Qual taco? O taco de escrever bem. A facilidade de conseguir expressar rápido e com clareza as coisas. Os professores gostavam, era dez, sempre. E eu seguia me achando. Dizia pra todo mundo: mas eu nem estudei! Só dei uma lida rápida no ônibus vindo pra cá. Era isso, eu era bom. Eu sou bom. Bom nisso aqui e naquilo lá também. 

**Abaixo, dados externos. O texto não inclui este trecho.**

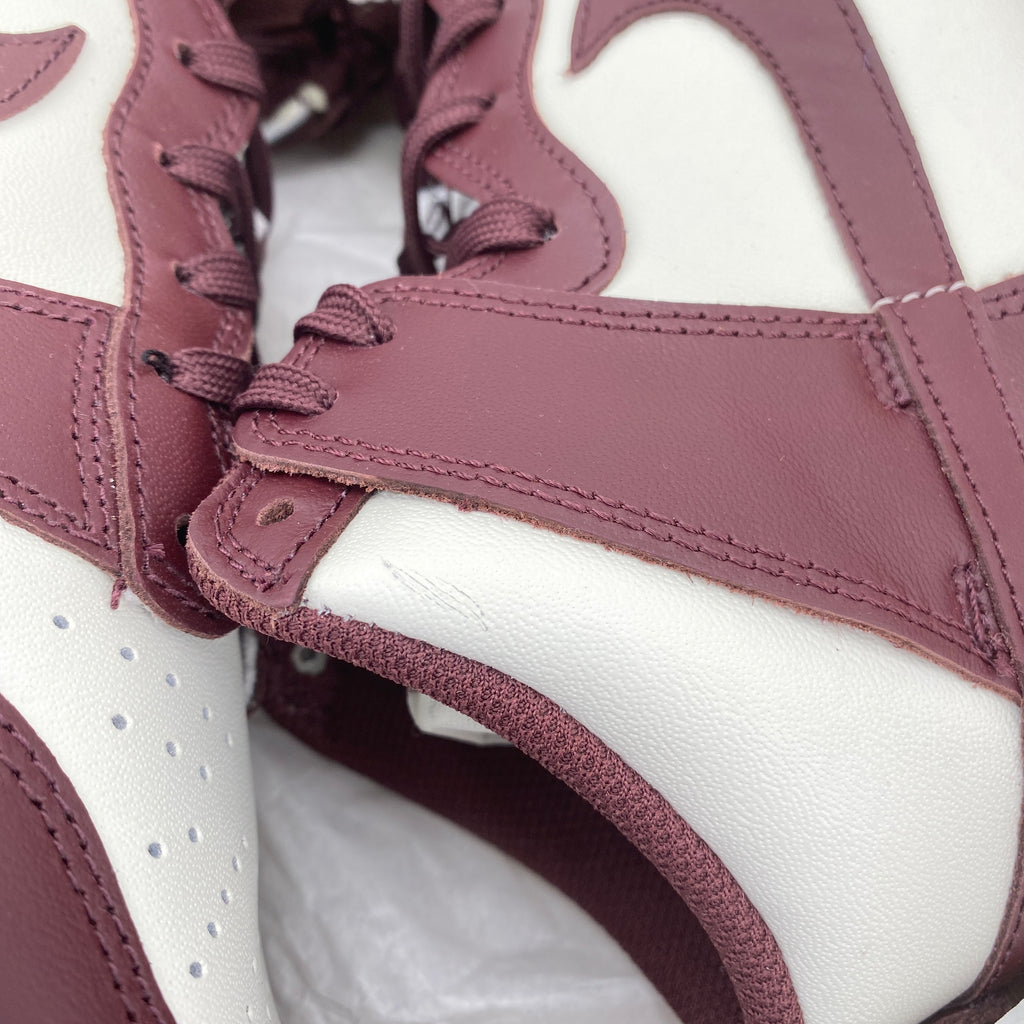 Nike (W) Dunk High "Burgundy Crush" 2022 New Size 9.5W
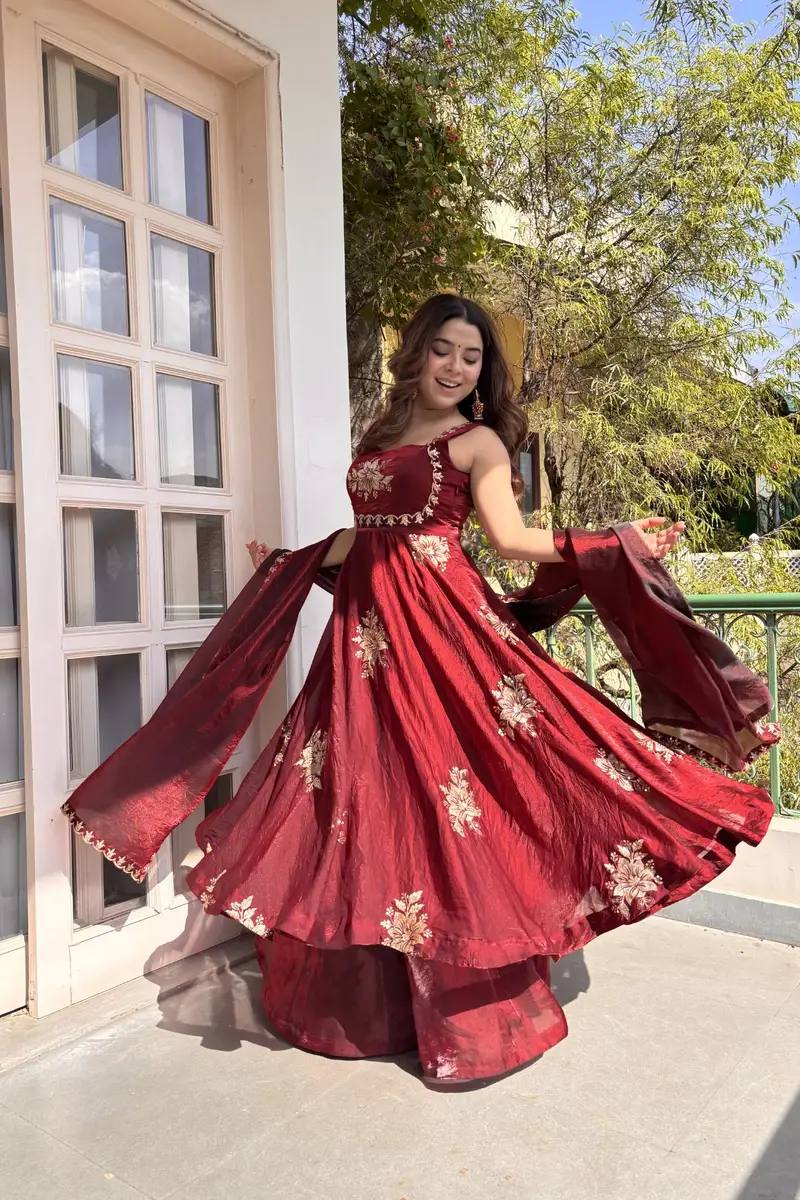 Zyrevia Fendy Silk Threadwork Palazzo Set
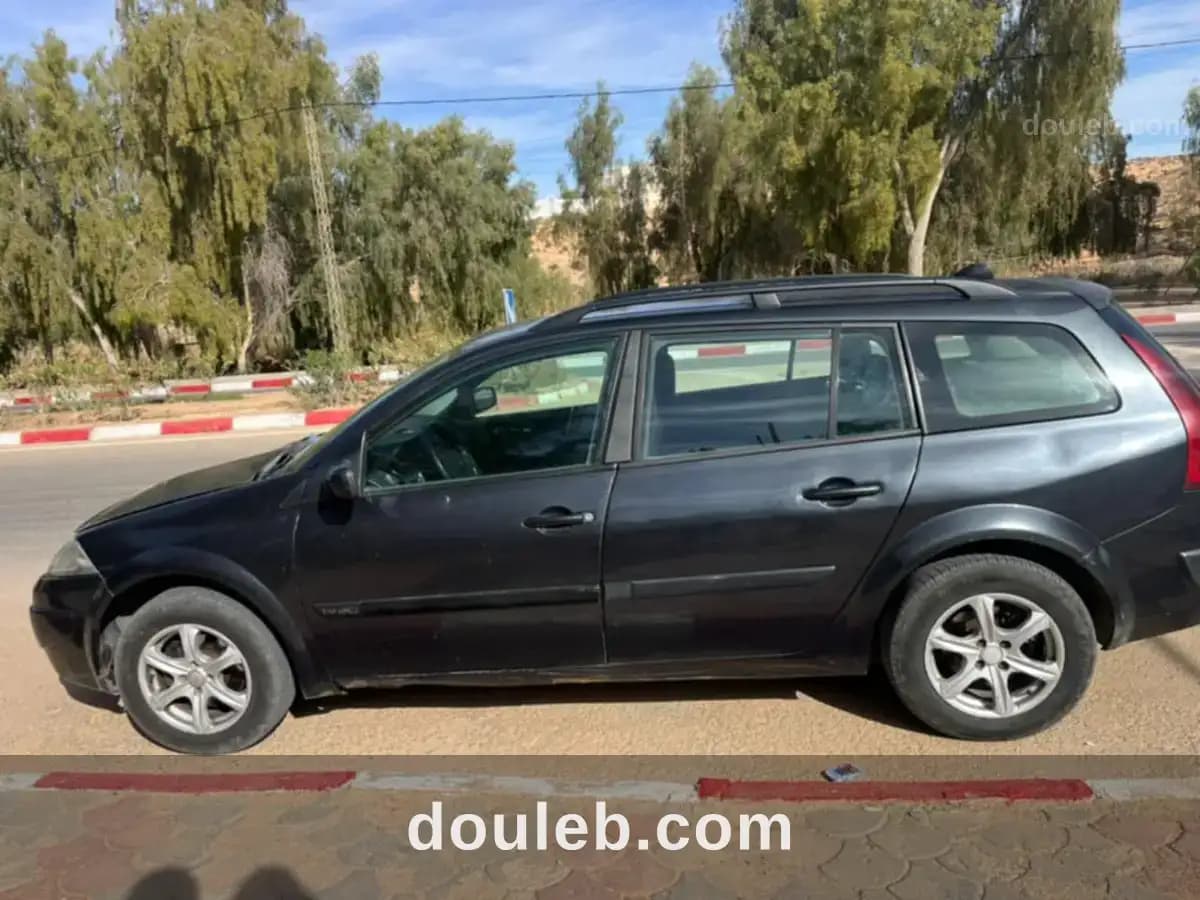 Renault megane à saisir à Médenine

Mas é naquilo lá que eu me perco, paraliso. Porque tenho medo do que o medo tem a me dizer. Das verdades que eu escondo e me afasto quando todo mundo me cerca e diz “você deveria mostrar isso” , “você deveria postar mais”, “posta isso”, “o mundo precisa ver isso”. E as frases vão se aglomerando e ficando grandes e me diminuindo e eu pequeno cercado pelos achismos dos outros que só querem me ver bem. E a consciência… A consciência de saber-se alguma coisa traz o peso de fazer algo com esse alguma coisa, algo grande e bom o suficiente. E pra ser bom o suficiente eu preciso estar à altura, o mundo precisa estar à altura, os planetas precisam estar alinhados, meus chakras precisam estar limpos e igualmente alinhados, minha mente precisa estar límpida, plena e consciente, o ambiente, o mundo, as guerras, tudo precisa estar perfeito pra eu começar. 

Você sabe que nada nunca vai tá perfeito, né? Sei, sim. Por isso resolvi começar agora. Não quero esperar a sineta da aula tocar pra eu poder perceber que poderia ter feito um trabalho bem melhor por não ter começado quando deveria. Hoje.